Some Solved problems on zeros and poles.

Few Useful results regaring the poles and zeros in terms of quotients and product of two functions,

• Let $f(z)=h(z)/g(z)$, where $h$ and $g$ are analytic in some open disk about $z_0$, then $f$ has a pole of order $n$ at $z_0$.
• Let $f(z)=h(z)/g(z)$ and suppose $h$ and $g$ are analytic in some open disk about $z_0$, with $n>k$, then $f$ has a pole of order $n-k$ at $z_0$.
• Let $f$ has a pole of order $m$ at $z_0$ and let $g$ has a pole of order $n$ at $z_0$. then $fg$ has a pole of order $m+n$ at $z_0$
• Given a function $f(z)$, we say that $f$ has a singularity (of a given type) at infinity if and only if $f(\frac1z)$ has a singularity (of said type) at $0$.

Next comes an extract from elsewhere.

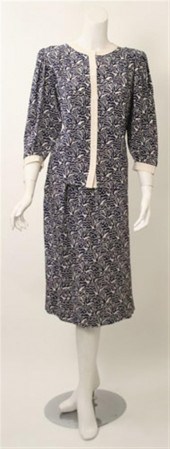 Guy Laroche navy and white sil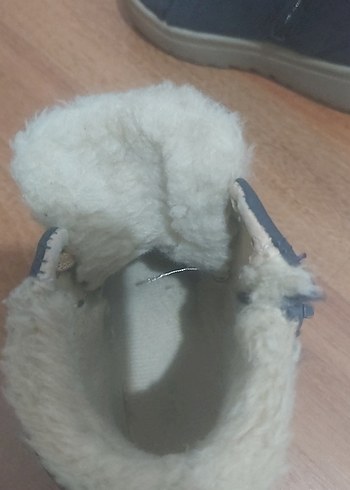 Kız Çocuk Mavi Kürklü Bot - Görsel 5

Here are some solved examples:

1. $f(z)=\frac{1+4z^3}{sin^6z}$ 

Solution:

at $z=n\pi$ denominator becomes zero. and numerator is not zero at any of these points.

so, $f(z)$ has pole of order $6$ at $n\pi$

2. $f(z)=\frac{(z-\frac{3\pi}{2})^4}{\cos^7z}$

Solution:

at $\frac{3\pi}{2}$ numerator has zero of order 4. and at this point denominator has zero of order $7$.

so, $f(z)$ has a pole of order $3$ at this point.
moreover, pole of order 7 at $n\pi/2$.(other than $3\pi/2$.)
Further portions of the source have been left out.